● **HOW TO COMPLETE THIS TASK**
Repeat, word for word, all the data that follows, and exclude the pictures.

● **DATASET CONTENT**
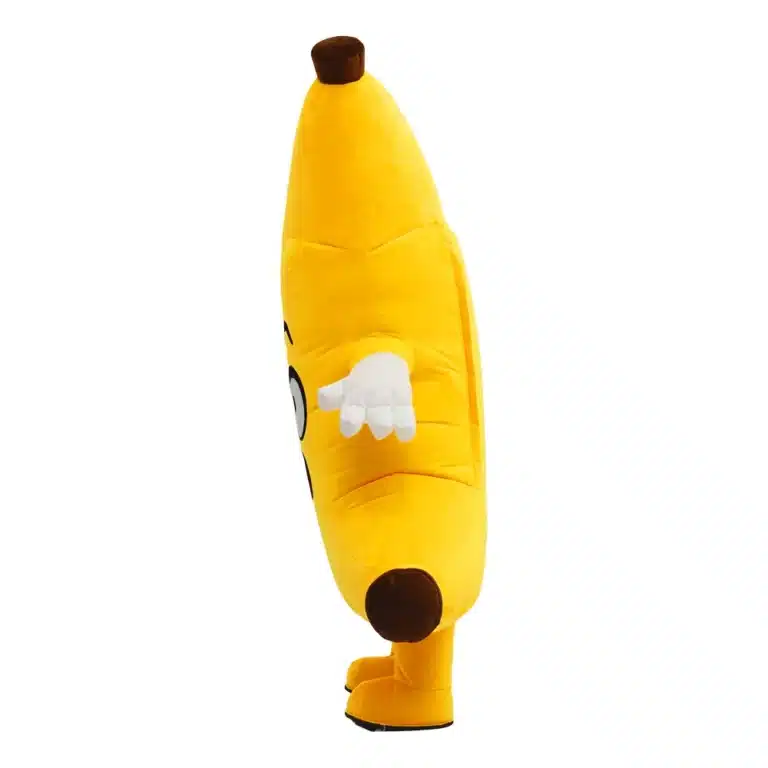 Mascotte gonflable banane 12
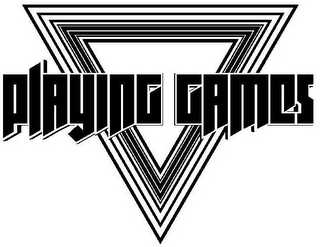 PLAYING GAMES logo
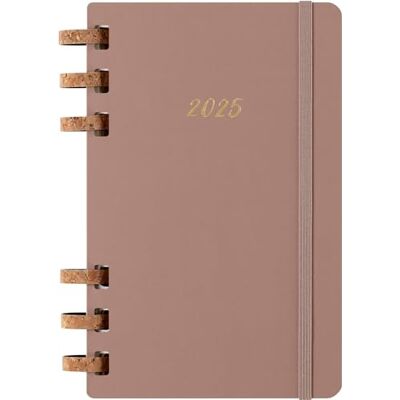 Moleskine Weekly & Monthly Planner, 12-Monats-Wochen-und Monatsplanner, Fester Einband und Elastischer Verschluss, Farbe Crush Almond, GroßesFormat 15x21 cm Moleskine Weekly & Monthly Planner, 12-Monats-Wochen-und Monatsplanner, Fester Einband und Elastischer Verschluss, Farbe Crush Almond, GroßesFormat 15x21 cm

● **EXERCISE ANSWER**
 Mascotte gonflable banane 12
 PLAYING GAMES logo
 Moleskine Weekly & Monthly Planner, 12-Monats-Wochen-und Monatsplanner, Fester Einband und Elastischer Verschluss, Farbe Crush Almond, GroßesFormat 15x21 cm Moleskine Weekly & Monthly Planner, 12-Monats-Wochen-und Monatsplanner, Fester Einband und Elastischer Verschluss, Farbe Crush Almond, GroßesFormat 15x21 cm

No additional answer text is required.